All this talk and intention, and in moment,
I’m just a twin, hating, yet furtively wearing
the coordinate clothes of empire.

Shall I strike my own cheek? turn the other,
expose the slack mouth of my complicity?

How will I learn to lock arms with those who refuse to bow,
who stand in the light of their own right to be?
Will I wait until they come for me?

I know every brewing storm carries the seed of its own demise,
but what does one do in a series of storms?

I know, “Blessed are the pure in heart,” is not
for the faint of heart, “for they will see God,” not in
some future rapture, but in the here-now faces of the erased,
the locked-out, the deported.

I know every act of resistance carries no guarantee
other than the pain it invites. No guarantee,
other than the soul it ignites. No guarantee,
other than retaining our humanity.

 

Transboundary Prayer for America

 

The time has arrived to walk to the river,
twos and threes, with our tea candles cupped,
melted onto tiny boats of birch bark.

And beneath the bowed and grieving trees,
kneel at the edge, release our tenuous fires
to the water’s flow, watch our loose rosary
of lights, form a luminous line and sail
around the dawning bend.

 

Legacy – For my mother who would have been 103 today

 

I’ve heard the advice about learning to forgive yourself,
good advice, and indispensable as ibuprofen.
I’ve had occasion to forgive myself,
but I’ve not really had to learn.
A privilege of growing up loved. And a mixed blessing:
for when it comes to affection, I expect more
than I deserve.

Mom, you died before I thought to ask
about the clothes you gave me to wear,
and the patches sewn on:
like the comfortable orthodoxy of heaven,
or faith in the labour of unseen angels.

Or like silence—
being the best way to settle arguments.
I picked that up; used it as a sidearm,
carried it for too many years.

Or like the artful swerve in you,
your open yawn, meeting your sister’s gossip.

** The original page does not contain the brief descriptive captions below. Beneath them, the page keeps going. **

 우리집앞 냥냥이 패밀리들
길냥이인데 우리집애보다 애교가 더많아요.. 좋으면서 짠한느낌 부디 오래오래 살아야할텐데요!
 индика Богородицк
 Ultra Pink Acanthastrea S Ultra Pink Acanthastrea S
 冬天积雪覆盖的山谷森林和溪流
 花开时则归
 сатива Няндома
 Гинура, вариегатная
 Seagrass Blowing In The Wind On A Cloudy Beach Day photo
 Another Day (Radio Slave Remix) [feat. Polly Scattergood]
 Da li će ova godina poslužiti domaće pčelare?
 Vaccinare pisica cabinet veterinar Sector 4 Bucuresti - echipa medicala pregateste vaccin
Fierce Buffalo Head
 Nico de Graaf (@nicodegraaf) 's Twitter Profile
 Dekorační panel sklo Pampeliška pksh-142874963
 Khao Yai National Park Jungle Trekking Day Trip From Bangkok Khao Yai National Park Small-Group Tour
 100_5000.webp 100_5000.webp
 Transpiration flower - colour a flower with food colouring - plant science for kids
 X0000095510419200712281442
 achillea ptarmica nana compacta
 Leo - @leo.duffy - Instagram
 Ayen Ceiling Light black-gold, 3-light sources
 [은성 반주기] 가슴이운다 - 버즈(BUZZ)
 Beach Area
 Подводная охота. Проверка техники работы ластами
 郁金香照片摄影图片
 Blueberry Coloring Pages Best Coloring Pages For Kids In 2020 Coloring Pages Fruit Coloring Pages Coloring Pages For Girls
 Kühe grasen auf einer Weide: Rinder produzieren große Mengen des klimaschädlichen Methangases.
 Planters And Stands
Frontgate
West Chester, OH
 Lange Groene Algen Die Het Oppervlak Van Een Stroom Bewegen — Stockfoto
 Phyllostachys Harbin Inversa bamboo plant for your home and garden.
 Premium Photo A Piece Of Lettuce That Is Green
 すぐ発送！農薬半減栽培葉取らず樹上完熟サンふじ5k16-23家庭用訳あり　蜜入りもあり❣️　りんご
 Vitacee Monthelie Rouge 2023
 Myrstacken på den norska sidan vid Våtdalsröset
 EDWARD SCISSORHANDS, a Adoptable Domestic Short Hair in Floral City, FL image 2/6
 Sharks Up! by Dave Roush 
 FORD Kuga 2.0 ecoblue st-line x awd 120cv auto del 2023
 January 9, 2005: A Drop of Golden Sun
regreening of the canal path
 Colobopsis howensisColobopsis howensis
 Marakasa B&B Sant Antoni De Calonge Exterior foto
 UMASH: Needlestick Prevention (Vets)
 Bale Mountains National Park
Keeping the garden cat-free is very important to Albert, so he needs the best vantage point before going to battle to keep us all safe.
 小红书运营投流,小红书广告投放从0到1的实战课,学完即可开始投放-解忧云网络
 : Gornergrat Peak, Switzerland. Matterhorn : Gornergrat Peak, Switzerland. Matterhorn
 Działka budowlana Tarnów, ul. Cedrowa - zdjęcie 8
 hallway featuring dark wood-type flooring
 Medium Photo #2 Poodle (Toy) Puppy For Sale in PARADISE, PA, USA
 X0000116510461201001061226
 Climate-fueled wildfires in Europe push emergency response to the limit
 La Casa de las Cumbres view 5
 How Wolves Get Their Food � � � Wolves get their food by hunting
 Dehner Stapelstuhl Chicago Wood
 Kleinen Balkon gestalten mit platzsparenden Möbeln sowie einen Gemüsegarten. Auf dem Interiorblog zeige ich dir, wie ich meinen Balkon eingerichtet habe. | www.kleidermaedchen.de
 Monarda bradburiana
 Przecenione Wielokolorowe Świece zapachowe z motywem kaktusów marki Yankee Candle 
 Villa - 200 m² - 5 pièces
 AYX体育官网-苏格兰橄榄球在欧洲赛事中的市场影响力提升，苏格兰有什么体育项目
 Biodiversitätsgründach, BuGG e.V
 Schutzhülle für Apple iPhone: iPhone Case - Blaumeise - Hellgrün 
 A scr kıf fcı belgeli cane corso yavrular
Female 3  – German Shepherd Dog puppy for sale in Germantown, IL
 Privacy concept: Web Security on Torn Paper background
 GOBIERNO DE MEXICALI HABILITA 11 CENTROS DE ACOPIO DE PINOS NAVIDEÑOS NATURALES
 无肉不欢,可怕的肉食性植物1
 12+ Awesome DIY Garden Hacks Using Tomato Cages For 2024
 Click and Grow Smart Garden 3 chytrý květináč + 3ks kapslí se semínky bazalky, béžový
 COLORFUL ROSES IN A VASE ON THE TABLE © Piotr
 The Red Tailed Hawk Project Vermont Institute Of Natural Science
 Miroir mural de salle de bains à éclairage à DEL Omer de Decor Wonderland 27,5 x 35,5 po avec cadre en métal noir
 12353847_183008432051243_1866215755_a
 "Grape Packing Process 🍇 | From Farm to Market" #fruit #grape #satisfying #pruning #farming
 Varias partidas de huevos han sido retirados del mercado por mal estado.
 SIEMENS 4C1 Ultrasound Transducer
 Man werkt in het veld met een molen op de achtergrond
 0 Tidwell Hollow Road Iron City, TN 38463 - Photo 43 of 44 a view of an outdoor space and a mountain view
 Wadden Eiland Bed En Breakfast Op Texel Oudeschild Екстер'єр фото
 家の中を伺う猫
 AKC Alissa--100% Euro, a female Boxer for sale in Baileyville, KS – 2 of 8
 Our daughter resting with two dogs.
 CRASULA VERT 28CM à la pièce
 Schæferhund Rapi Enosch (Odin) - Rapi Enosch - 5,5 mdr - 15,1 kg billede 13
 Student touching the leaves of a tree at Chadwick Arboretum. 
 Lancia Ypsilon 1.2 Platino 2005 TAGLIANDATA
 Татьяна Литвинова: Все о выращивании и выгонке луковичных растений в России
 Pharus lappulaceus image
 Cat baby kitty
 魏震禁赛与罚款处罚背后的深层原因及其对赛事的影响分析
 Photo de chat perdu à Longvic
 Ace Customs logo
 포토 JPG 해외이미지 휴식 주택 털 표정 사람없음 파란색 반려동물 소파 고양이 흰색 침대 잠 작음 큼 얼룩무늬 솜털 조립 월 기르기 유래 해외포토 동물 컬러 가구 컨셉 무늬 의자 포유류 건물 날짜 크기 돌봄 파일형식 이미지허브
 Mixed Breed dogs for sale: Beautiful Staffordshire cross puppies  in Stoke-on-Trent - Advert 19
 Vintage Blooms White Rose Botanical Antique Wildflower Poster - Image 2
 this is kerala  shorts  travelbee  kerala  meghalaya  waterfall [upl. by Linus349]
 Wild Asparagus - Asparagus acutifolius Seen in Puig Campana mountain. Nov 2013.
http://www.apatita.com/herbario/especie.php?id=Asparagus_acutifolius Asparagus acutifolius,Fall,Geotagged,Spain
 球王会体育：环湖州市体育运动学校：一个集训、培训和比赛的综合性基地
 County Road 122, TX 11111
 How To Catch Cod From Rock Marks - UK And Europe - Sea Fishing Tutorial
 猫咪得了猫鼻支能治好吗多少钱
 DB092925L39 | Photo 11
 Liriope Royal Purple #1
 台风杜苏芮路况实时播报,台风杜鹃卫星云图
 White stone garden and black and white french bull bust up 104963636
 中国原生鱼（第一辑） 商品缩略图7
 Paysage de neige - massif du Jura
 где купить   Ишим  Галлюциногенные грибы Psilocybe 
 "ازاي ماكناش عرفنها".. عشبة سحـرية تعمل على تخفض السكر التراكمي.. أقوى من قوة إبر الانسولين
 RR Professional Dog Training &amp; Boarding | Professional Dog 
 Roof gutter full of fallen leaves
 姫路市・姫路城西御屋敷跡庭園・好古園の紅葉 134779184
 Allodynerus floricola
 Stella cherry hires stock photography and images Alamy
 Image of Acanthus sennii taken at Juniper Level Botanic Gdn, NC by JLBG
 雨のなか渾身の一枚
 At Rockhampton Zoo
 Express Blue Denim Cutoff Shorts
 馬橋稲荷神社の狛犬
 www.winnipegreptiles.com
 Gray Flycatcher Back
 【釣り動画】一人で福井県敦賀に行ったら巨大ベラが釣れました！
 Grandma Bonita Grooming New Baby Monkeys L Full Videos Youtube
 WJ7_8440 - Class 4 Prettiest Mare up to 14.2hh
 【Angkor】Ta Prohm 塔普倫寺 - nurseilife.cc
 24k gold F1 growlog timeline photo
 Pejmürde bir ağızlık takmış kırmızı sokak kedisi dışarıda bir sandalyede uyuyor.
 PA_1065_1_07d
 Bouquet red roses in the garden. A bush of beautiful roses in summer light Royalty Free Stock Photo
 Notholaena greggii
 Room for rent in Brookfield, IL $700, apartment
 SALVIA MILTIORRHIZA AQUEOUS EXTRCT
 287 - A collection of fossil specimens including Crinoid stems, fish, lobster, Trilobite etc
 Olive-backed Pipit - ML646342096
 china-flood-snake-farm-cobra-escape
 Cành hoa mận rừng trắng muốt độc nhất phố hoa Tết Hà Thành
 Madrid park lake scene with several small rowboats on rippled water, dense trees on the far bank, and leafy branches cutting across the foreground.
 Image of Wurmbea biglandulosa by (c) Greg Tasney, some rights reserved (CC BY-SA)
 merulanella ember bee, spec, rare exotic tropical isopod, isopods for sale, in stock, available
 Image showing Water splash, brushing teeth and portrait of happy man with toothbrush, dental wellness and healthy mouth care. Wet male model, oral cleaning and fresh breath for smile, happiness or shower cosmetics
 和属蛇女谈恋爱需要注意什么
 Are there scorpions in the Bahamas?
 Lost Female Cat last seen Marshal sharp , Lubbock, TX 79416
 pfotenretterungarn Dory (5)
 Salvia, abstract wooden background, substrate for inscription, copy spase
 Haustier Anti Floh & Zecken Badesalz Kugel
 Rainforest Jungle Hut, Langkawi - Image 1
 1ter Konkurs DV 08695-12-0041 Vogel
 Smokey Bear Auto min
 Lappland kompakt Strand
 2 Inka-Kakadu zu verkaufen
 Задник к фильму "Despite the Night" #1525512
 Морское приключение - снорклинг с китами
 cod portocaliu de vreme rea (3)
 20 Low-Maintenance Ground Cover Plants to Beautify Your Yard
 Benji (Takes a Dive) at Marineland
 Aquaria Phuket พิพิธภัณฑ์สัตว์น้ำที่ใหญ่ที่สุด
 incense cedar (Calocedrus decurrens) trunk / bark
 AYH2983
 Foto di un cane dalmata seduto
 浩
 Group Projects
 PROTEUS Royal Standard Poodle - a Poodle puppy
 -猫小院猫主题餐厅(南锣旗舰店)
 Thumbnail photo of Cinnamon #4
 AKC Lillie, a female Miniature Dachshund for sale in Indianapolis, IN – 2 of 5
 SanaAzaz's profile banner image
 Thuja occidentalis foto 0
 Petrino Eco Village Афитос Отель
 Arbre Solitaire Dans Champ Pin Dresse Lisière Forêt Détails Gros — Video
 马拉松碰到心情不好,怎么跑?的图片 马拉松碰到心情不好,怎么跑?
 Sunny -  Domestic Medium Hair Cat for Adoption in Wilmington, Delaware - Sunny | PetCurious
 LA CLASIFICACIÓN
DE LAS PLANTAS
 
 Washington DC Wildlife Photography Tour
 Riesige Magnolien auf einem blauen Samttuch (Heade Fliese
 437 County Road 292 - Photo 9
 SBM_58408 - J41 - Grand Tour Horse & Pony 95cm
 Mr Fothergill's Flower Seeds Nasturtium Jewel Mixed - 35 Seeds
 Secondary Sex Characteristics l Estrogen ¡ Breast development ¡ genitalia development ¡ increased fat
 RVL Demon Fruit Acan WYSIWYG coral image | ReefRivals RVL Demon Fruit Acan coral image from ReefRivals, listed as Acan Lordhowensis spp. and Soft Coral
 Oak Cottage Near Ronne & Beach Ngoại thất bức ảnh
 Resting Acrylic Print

Or the unexpected fire beneath your serenity.
The way you slowly turned away from the pot,
your back to the stove, looked across the family table,
and the history of patriarchy—and much else—
withered in your gaze.
And though you turned back to stirring the gravy,
it was a flash—now featured in the halls of justice.

I could never find the right word,
for your kind of loneliness, or was that simply the sigh
between your 1000 tasks?

And while you had words for me—
for my ability to out-disappoint your other children,
every time I come to write the words tender,
understanding, there you are.

Thank you, for the security of your kitchen, where
I’ve secretly watched for your own hidden wings.
Thank you for the eternal grip of your smile,
which I’ve never doubted, which has spoiled me,
yet fitted me for the long haul: living
with the unresolved, finding sufficiency
in what’s incomplete, and how not having
everything I want is part of being happy.

Today, in the mortuary of Christianity,
where nations jockey for Jesus, arm themselves with God,
I thank you for your bannerless faith, where I remain
a believer in your kind of Christ—
a small kingdom of goodness and mercy, taking root,
and humming beneath the surfaces of the world.